Bahar dizisini bu yüzden seviyorum. Hatalar yapılıyor, yalanlar söyleniyor, ama günün sonunda ne kadar kızgın olsan da sevgi kazanıyor. Bahar son iki sezonun en güçlü kadın hikayesini anlatan, her hafta bizi ekran başına kilitleyen bir karakter oldu. Bu sezon kendini bulma hikayesi biraz dağılmış olsa da, onun ekrana yansıttığı kendinden emin halleri çok seviyorum.

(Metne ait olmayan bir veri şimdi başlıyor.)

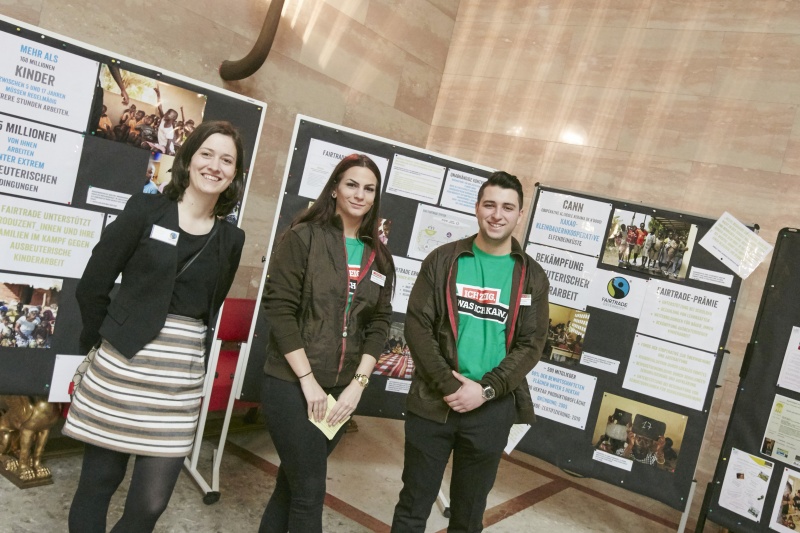 von links: Elisabeth Wallner Fairtrade Österreich und Lehrlinge der Spar Akademie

Gül Çiçek ve Nevra sahnelerini ayrıca yeni baştan sarıp izliyorum. Birbirleriyle hiç anlaşamamalarına rağmen, yine başları sıkıştığında birbirlerini aramaları, destek olmaları çok güzel bir detay. Gül Çiçek ile Başhekim’in geleceği de dizinin içine güzel bir renk kattı.

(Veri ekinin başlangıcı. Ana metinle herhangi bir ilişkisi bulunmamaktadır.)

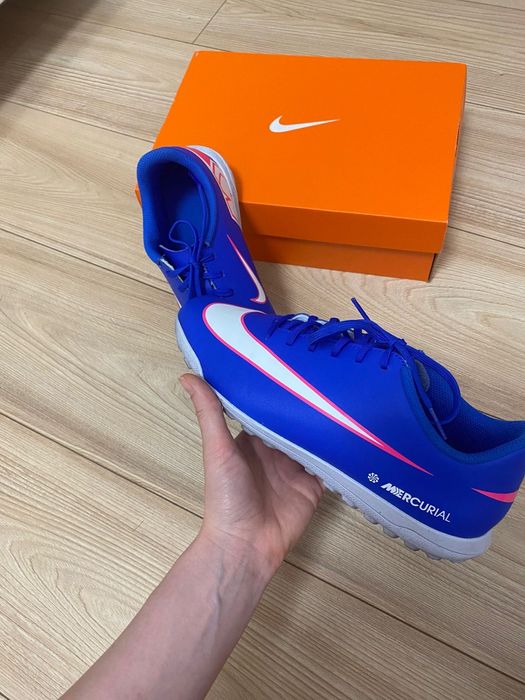 Nike fotbal sintetic 40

Sarılıp öpen, ağlayıp gülen, sonra kaçıp giden çiftimiz Aziz Uras ve Seren bir türlü ailelerinden bağımsız kendilerini bulamadıklarından yakınıp duruyorlardı. Hepimiz biraz da öyle değil miyizdir, ya onlar gibi olmak isteriz ya da onlara benzememeye çalışırız. Peki bu sırada gerçek kimliklerimize ne olur? İşte o arada onları kaybederiz. Allahtan Aziz Uras ve Seren’in çevresinde onları bir araya getirecek güzel dostlukları var. Yoksa bu kavganın bir sonu olmayacak gibi duruyordu.

Ve dizinin finaline gelirsek, Timur “Madem aldatmadığıma inandıramıyorum. O zaman aldatayım da değsin” mantığıyla gidip Efsun’u öptü. Bu çiftin son günlerin en popüler çift olması da dikkatimden kaçmadı. Shipperlar görev başında… Evren’in doktorluk yapabilmesi her geçen gün zorlaşırken, Timur’un dişi halinden daha sert kayaya toslaması artık Rengin’e onu gerçekten hak edecek bir partner bulması gerektiğini işaret ediyor.